諫言は転ばぬ先の杖
歴史作家の【童門冬二】さんの「歴史に学ぶ知恵」というコラムが中日新聞に連載されています。その中に表題のコラムがありました。知っておきたい内容ですので皆さんに読んで頂きたく紹介します。『諫言(カンゲン)とは忠告で、目上の人の過ちを、さとし、諌(イサ)めること』です。『諫言は転ばぬ先の杖』と言ったのは【松平定信】です。
以下にその文章を紹介します。
《 今回は【松平定信】の言葉をご紹介する。白河藩主現任のままで老中筆頭になった【松平定信】は役宅,江戸藩邸,各地の天領(幕府直轄領),役所などの門前に(目安箱)を設置した。これは民の声を直接聞いて、よいものを政治に生かそうという意図からだ。彼が尊敬していた祖父の八代将軍【徳川吉宗】の「享保の改革」にならったものだ。民の声だけでなく部下にも「常に諫言せよ。良い意見には従う。おまえたちの諫言によって政治を行なう者の良い手本になりたい。もし、自分がその諫言に従わないような場合には、自分を見捨てよ」とまで言いきった。これは彼自身が「およそ人の上に立つ者は、たとえ知識があったとしても、それを誇って他人の欠点ばかり非難するのは極めて危険である。上に立つ者がこういう態度をとれば、言路はふさがって意見を言う者など一人もいなくなる。温顔をもって他人の言語をなめらかにし、衆言衆知を求めるべきである。」と自覚していたからだ。しかし【松平定信】は子供のときからその賢明さを謳われていたから、部下のほうも容易に意見を口にしない。こんなことを言えば、かえって殿に笑われるという警戒心もあった。これを知った定信は子供のときから勉強した書物の中から、古今の忠臣が主人に告げた諫言を全部拾い出した。このメモ集を(求言録)と名づけ印刷させ、ばら蒔いた。「諫言の例は(求言録)に書いてある。読んでヒントを得、私への諫言の参考にせよ」と言った。この諫言について彼は側近にこんなことを言っている。「諫言というのは、道を歩く人にとっての杖とおなじだ。杖は転ばぬように予防策の役をつとめてくれる。だから、転ばぬ前の杖だからこそ意味があるので、転んだ後に杖をついても間に合わない。政治家が転ぶということは過ちを犯すことだ。それは道の状況をよくわきまえていないためだ。客観的に道の状況をみきわめ、歩く人間が転びそうになったときに諫言をしてくれるということは、政治を行なう者にとって心の杖を与えてくれるということだ。どうか、そのつもりで遠慮せずにわたしを諌めて欲しい。『行途に杖を用ふるがごとし。
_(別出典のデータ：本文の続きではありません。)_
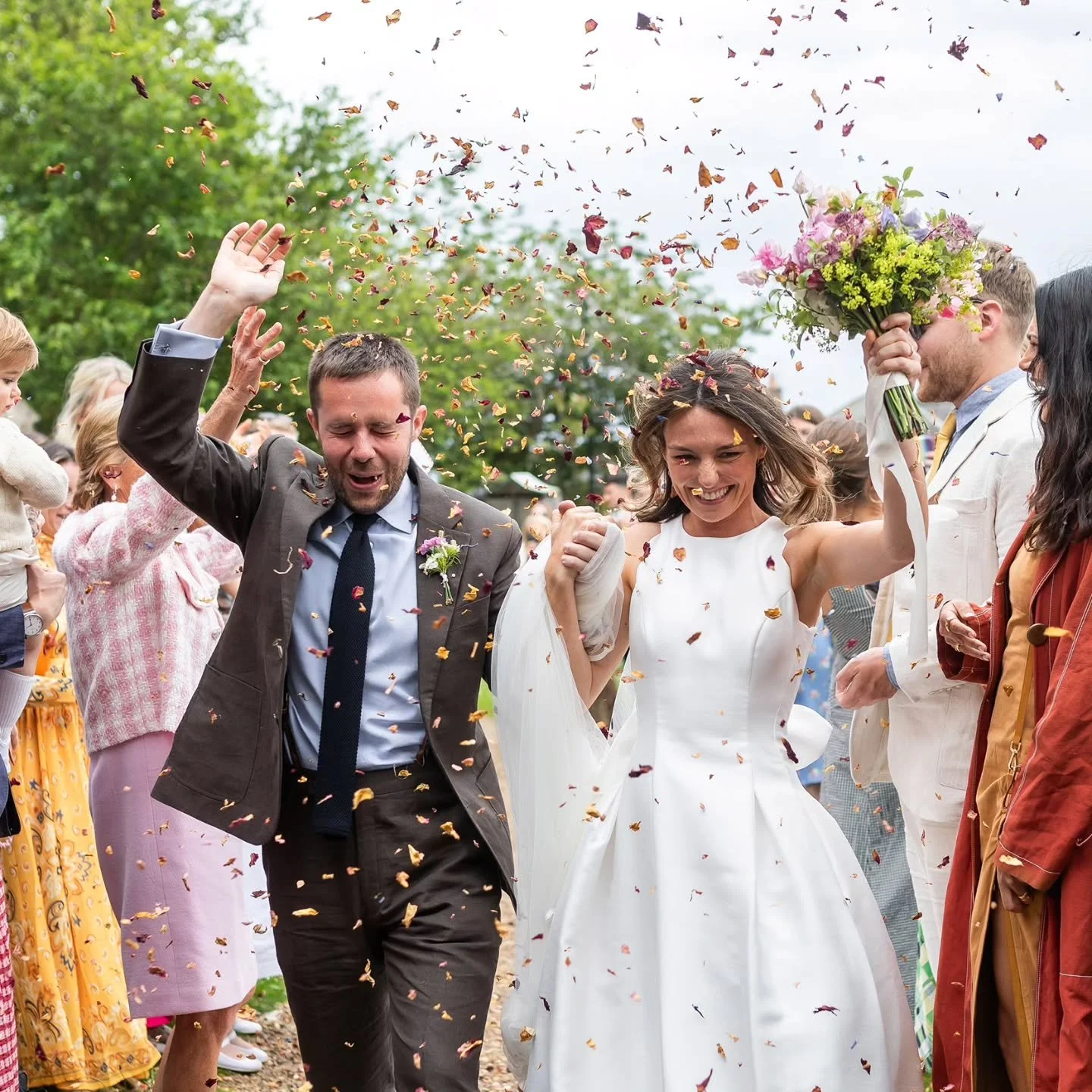 It's been too long since I uploaded a new blog post, so it's time to get back into it! Starting with Lucy &amp; Joey's gorgeous day at @henhamweddings, shot on digital &amp; 35mm film 🩷💛 Head to the link in my bio to view!

Suppliers -
@henhamweddi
顚倒せざる前に杖を用ふるべし。顚倒したるのちの杖はその用を失うなり。』 》
『民の声、聞く耳を持つ』とこのタイトルには書いてありました。【松平定信】は民の声だけでなく部下の声も聞いて世を治めていたのです。我々KONOIKEでも私も勿論ですが、上司も部下も『諫言は転ばぬ先の杖』と心得てお互い切磋琢磨して行きましょう。